Le Premier ministre mauritanien Moulaye Ould Mohamed Laghdaf a annoncé, vendredi, qu'un programme pour "la réduction des prix des produits de première nécessité" serait mis en oeuvre, a rapporté l'Agence de presse mauritanienne (publique).

Le chef du gouvernement mauritanien s'exprimait au moment de l'inauguration d'un projet d'électrification dans une banlieue pauvre de Nouakchott.

Il a alors évoqué un programme pour "la réduction des prix des produits de première nécessité, pour être à la portée du pouvoir d'achat des populations".Il a également évoqué des "projets de lutte contre le chômage, d'embauche des jeunes et d'éradication des quartiers précaires de la capitale".
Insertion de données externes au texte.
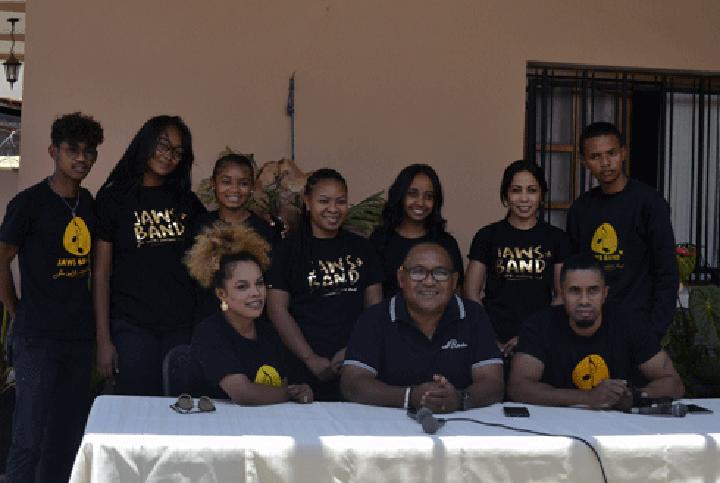 Concert : Jaws Band se lance sur « Mpatsaka vavy » Concert : Jaws Band se lance sur « Mpatsaka vavy »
Cette annonce intervient alors que l'augmentation des prix des denrées de base a été à l'origine d'émeutes meurtrières dans un pays voisin, l'Algérie.Et en Tunisie, la révolte sans précédent contre le régime de Zine Al Abdine Ben Ali avait été déclenchée, à la mi-décembre, par le suicide d'un jeune diplômé chômeur, devenu ensuite depuis le symbole de la protestation contre la précarité sociale et le chômage.

Le président mauritanien Mohamed Ould Abdel Aziz avait demandé jeudi au gouvernement de "prendre les mesures les plus urgentes" pour "permettre de contenir les prix" des denrées alimentaires, selon un compte rendu du conseil des ministres.

La Mauritanie connaît depuis quelque temps une flambée des prix du sucre, de l'huile ou encore du lait en poudre, très critiquée par l'opposition.

Jeudi, à Nouakchott, des élèves d'établissements scolaires avaient manifesté contre la hausse des prix des denrées de base.

La Coordination de l'opposition démocratique (COD) avait organisé jeudi soir une marche et un meeting qui avait réuni plusieurs milliers de personnes dans la capitale.Le dirigeant du principal parti d'opposition, Ahmed Ould Daddah, avait affirmé que le régime était marqué par "la corruption, la gabegie, le népotisme", en évoquant des "conditions de vie intenables".

Mercredi, le vice-président du parti au pouvoir, Mohamed Yahya ould Horma, avait quant à lui accusé l'opposition "d'utiliser le sujet des prix pour faire de la surenchère politique et de la propagande mensongère".